WHAT YOU NEED TO DO — Go through the listing below and show each line that has the word "with".

RECORDED DATA —
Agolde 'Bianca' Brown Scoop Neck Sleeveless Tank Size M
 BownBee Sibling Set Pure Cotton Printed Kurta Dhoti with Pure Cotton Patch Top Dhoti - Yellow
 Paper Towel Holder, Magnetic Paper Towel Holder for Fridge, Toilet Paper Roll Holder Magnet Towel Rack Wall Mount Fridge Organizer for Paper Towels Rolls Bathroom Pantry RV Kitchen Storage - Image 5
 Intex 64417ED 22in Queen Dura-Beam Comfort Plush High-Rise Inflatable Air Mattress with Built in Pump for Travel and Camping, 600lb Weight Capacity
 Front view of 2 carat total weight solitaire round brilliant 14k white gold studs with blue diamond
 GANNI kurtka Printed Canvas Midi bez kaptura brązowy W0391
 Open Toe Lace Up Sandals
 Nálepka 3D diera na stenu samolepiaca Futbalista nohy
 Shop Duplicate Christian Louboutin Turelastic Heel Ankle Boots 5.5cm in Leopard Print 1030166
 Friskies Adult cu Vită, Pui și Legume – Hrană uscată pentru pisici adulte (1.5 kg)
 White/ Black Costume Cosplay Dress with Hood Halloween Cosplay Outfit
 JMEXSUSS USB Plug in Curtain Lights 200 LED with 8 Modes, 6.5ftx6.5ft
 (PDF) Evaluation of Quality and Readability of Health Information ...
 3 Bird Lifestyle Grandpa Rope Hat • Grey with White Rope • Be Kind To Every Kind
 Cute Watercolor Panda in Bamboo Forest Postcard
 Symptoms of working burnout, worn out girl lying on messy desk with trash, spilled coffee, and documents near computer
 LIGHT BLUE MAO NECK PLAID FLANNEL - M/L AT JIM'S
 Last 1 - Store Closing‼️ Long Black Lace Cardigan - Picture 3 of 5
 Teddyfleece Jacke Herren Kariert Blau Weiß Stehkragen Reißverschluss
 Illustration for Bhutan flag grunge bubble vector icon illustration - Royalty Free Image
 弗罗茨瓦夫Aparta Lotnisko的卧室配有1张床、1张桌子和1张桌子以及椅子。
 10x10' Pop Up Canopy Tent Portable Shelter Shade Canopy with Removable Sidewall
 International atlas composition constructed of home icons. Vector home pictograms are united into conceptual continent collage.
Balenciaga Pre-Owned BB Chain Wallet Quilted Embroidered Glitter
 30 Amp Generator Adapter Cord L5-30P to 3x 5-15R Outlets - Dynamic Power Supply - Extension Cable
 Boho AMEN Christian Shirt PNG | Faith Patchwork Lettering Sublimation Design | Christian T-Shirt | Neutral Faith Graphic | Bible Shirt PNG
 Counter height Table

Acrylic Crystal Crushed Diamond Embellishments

YOUR SOLUTION —
 BownBee Sibling Set Pure Cotton Printed Kurta Dhoti with Pure Cotton Patch Top Dhoti - Yellow
 Intex 64417ED 22in Queen Dura-Beam Comfort Plush High-Rise Inflatable Air Mattress with Built in Pump for Travel and Camping, 600lb Weight Capacity
 Front view of 2 carat total weight solitaire round brilliant 14k white gold studs with blue diamond
 White/ Black Costume Cosplay Dress with Hood Halloween Cosplay Outfit
 JMEXSUSS USB Plug in Curtain Lights 200 LED with 8 Modes, 6.5ftx6.5ft
 3 Bird Lifestyle Grandpa Rope Hat • Grey with White Rope • Be Kind To Every Kind
 Symptoms of working burnout, worn out girl lying on messy desk with trash, spilled coffee, and documents near computer
 10x10' Pop Up Canopy Tent Portable Shelter Shade Canopy with Removable Sidewall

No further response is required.